By Alessandra Migliaccio
Oct. 30 (Bloomberg) -- Assicurazioni Generali SpA, Europe's third-biggest insurer, said third-quarter profit fell 64 percent, missing analysts' estimates, on writedowns linked to the global financial crisis and lower income from its life business.
Net income decreased to 210 million euros ($273 million) from 587 million euros a year earlier, the Trieste, Italy-based company said today in a statement. That missed the 250 million-euro median estimate of seven analysts surveyed by Bloomberg. Operating profit from the life-insurance unit fell 19 percent to 454 million euros.
Generali, which is seeking to offset slower growth in its main markets by focusing on eastern Europe, is being hurt by the global market turmoil. The company has excess capital ``in line'' with the amount declared in June and is ``one of the best capitalized companies in Europe,'' Chief Executive Officer Giovanni Perissinotto said today. The insurer had 1.7 billion euros of capital at the end of June.

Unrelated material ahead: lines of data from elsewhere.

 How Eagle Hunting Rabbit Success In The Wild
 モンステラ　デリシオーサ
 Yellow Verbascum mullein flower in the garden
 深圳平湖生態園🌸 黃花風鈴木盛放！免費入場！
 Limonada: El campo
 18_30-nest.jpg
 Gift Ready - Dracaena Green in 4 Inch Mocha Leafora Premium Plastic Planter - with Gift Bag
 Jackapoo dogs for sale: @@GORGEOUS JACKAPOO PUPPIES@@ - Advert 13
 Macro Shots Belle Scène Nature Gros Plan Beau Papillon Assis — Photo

``Generali is well capitalized on an economic basis and can withstand the impact of our stress-test scenario without taking additional measures to enhance its capital base,'' Cazenove analyst Andreas van Embden wrote in a research note.
The insurer had 2 billion euros of writedowns in the first nine months of 2008. It didn't provide a breakdown for the quarter or further details. The company is now hedging against risks on its equity stakes in companies like Intesa Sanpaolo SpA, Banco Santander SA and Commerzbank AG, Perissinotto said.
Telco Risk
Generali also didn't mark down its stake in Telco SpA, the holding company that controls Telecom Italia SpA. The potential losses from Telco at the end of September were 300 million euros to 350 million euros, Chief Financial Officer Raffale Agrusti said today.
``The rapid deterioration in the third quarter of the financial markets and the increasingly uncertain outlook for the remainder of the year'' have made it ``difficult to provide reliable full-year guidance,'' the company said in the statement.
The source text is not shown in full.